Thank you for your promising work Code-Optimize. We greatly appreciate the effort you've put into it.

However, we’ve encountered some difficulty in reproducing the second step of annotation. Specifically, the MBPP dataset provided in the code contains the following keys: [prompt, test, entry_point].

On the other hand, the MBPP datasets we have found online typically contain keys such as: ['task_id', 'text', 'code', 'test_list', 'test_setup_code'].

It seems there might be a missing or unclear preprocessing step that is causing this discrepancy. Could you kindly clarify this step for us, or point us in the right direction?
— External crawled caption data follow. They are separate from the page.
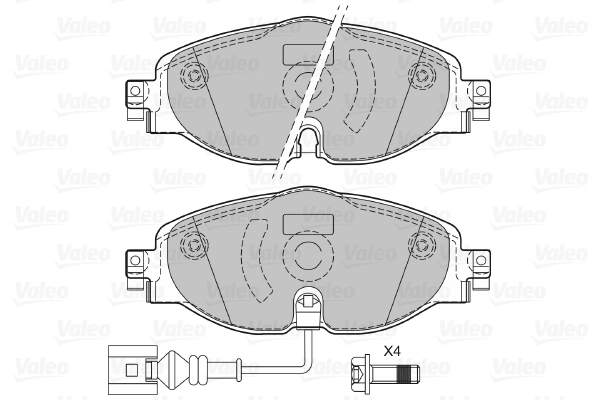Kit de plaquettes de frein, frein à disque VALEO 601328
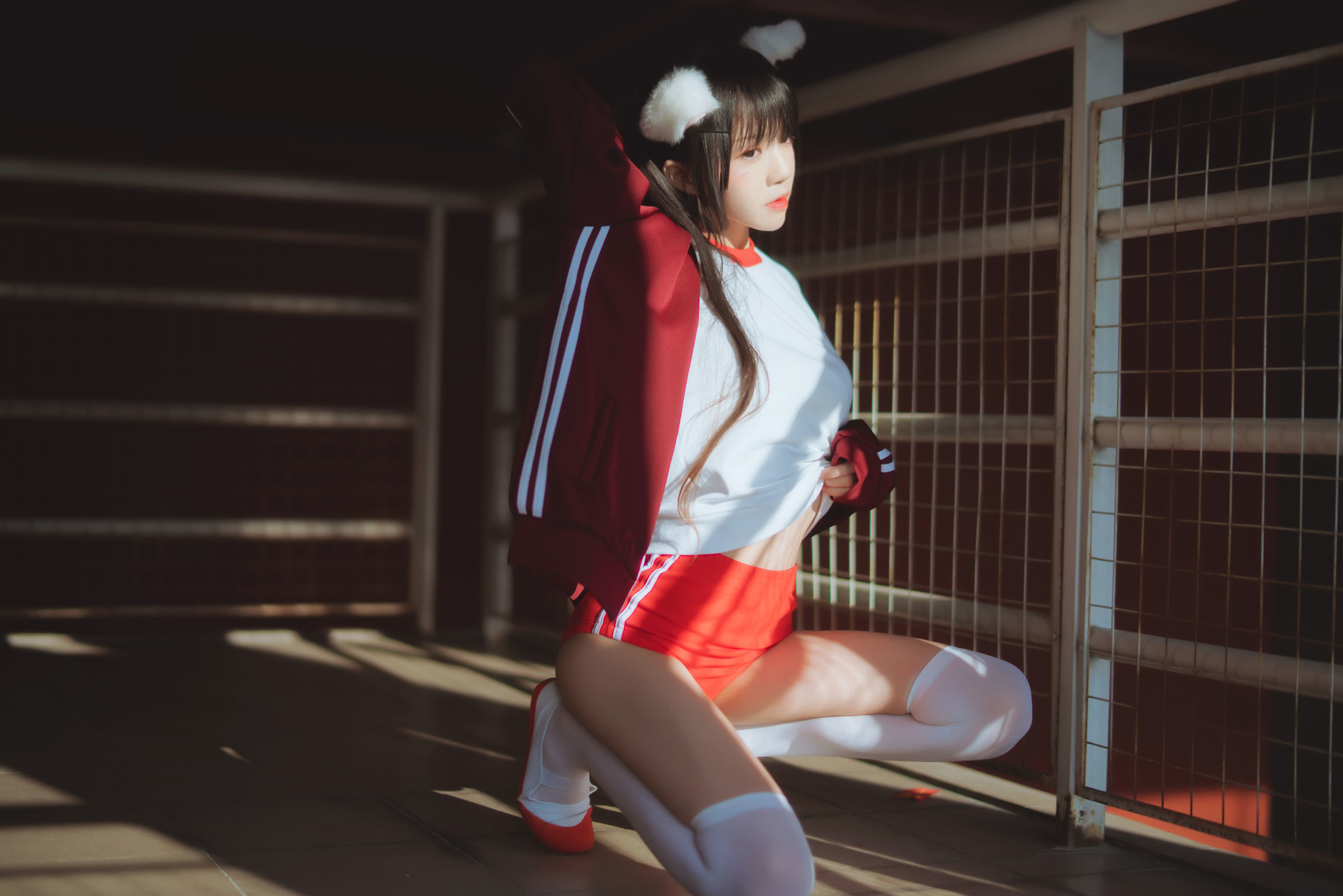 桜桃喵 - 红色体操服-图7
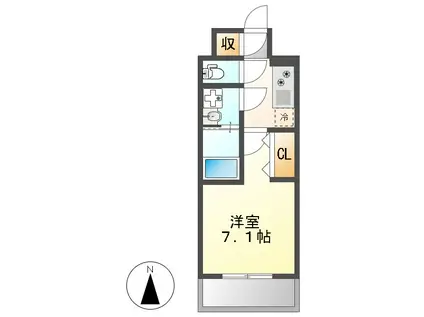 SーRESIDENCE尾頭橋CLARITY(1K/2階)の間取り写真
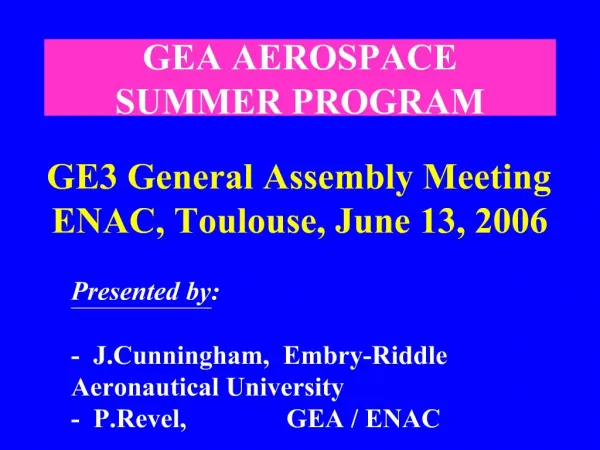 GEA AEROSPACE SUMMER PROGRAM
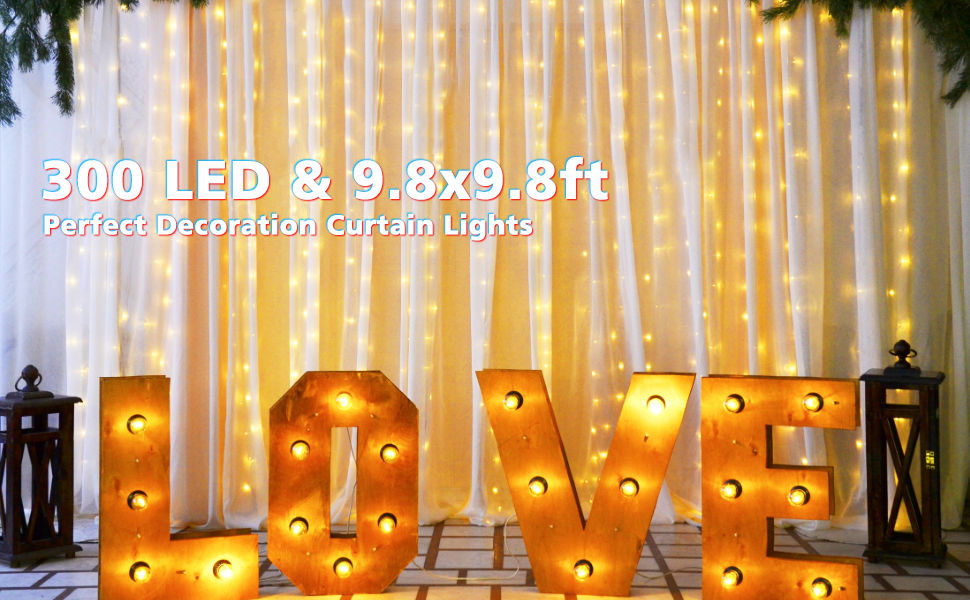 USB Powered 300 LED Curtain String Light, 8 Modes Remote, Waterproof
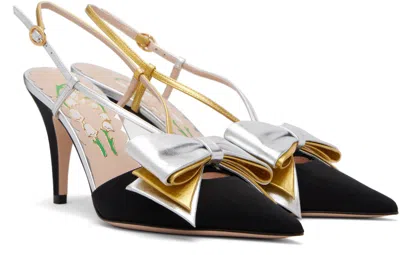 Valentino Garavani Slingback Bowow Pumps Black With Bow In Multi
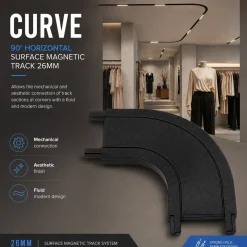 Unión curva 90 grados horizontal para carril magnético de superficie - 26mm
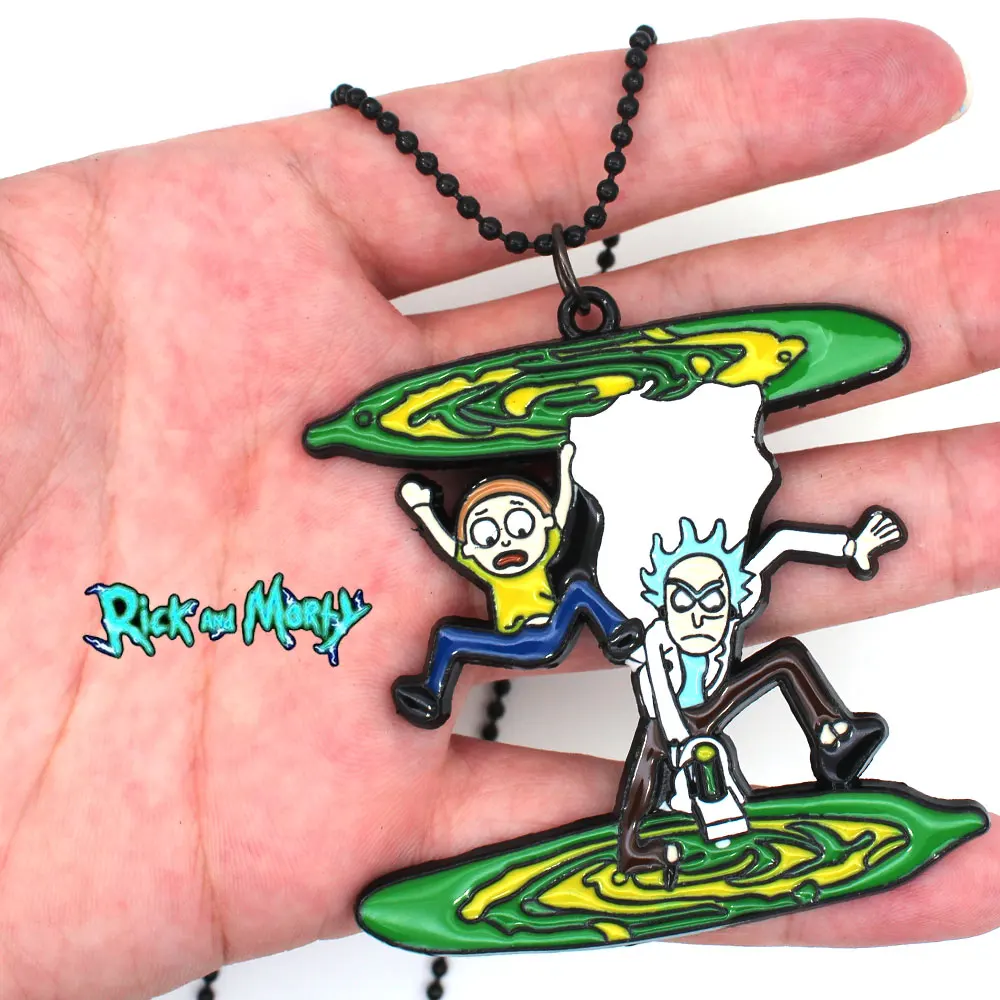 Giancomics новый для Рика и Морти крутой Металлический Зеленый сплав брелок ожерелье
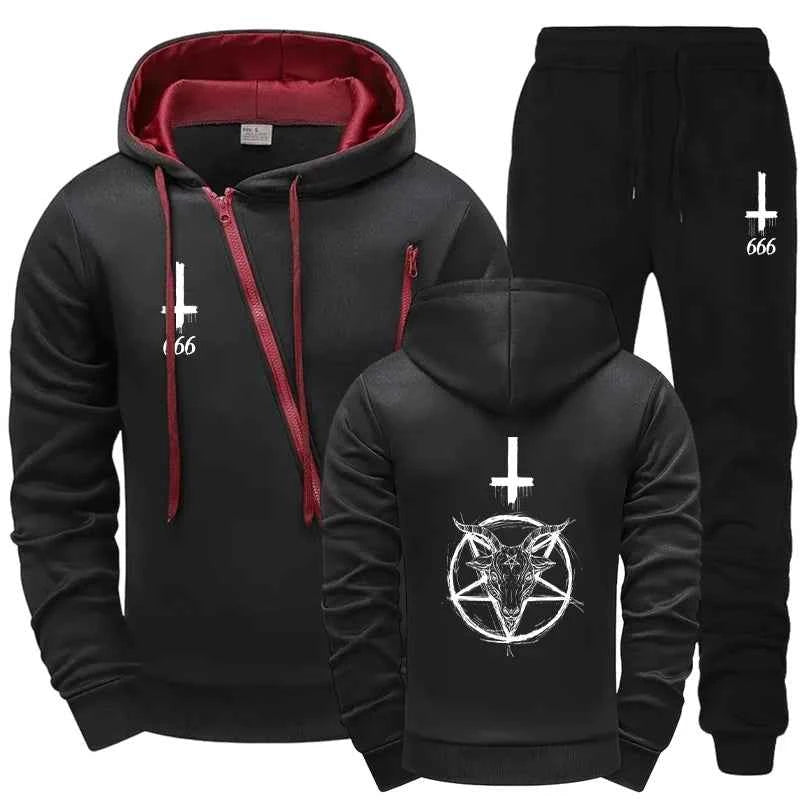 Satan Mens Tracksuit Set - Stylish Hoodie with Diagonal Zipper and Comfortable Sweatpants for Urban Streetwear This Autumn Winter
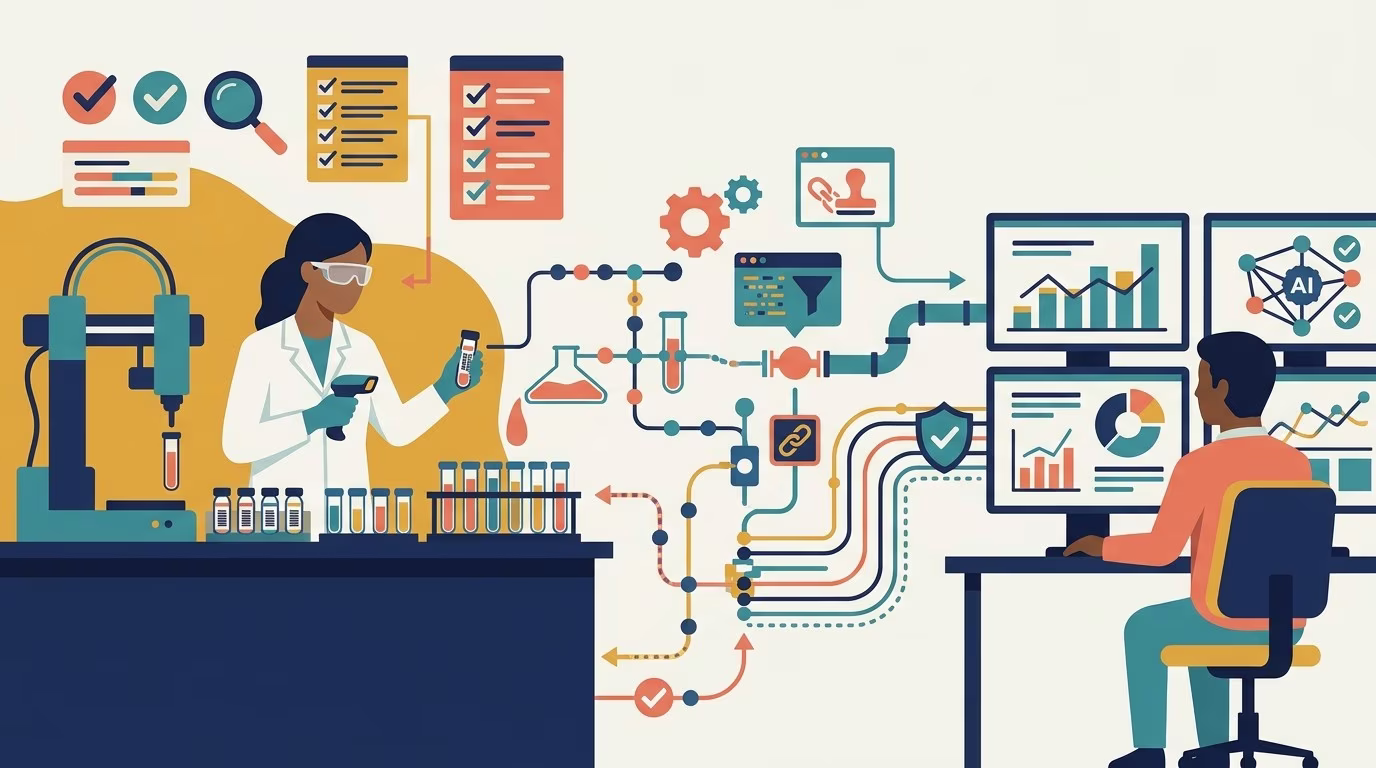 Flat editorial illustration: The article’s core relationship is a transfer of discipline from regulated laboratories to analytics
Looking forward to your response, and thank you once again for your valuable contributions.

Best regards,

Feb 11 '25 14:02 JieWu02

Hello, and thank you for taking interest in our work! 👍 Sorry about this, I forgot to upload our slightly formatted MBPP version. This will be uploaded into the 'datasets' folder very soon. I hope this helps.

By the way, you can also use the finished datasets, which are in the 'datasets' folder. Skip straight to the optimization step 🥇 Have a nice day!

Feb 11 '25 17:02 milangritta

I see the updated MBPP data, great! Have a nice day too!

Feb 11 '25 18:02 JieWu02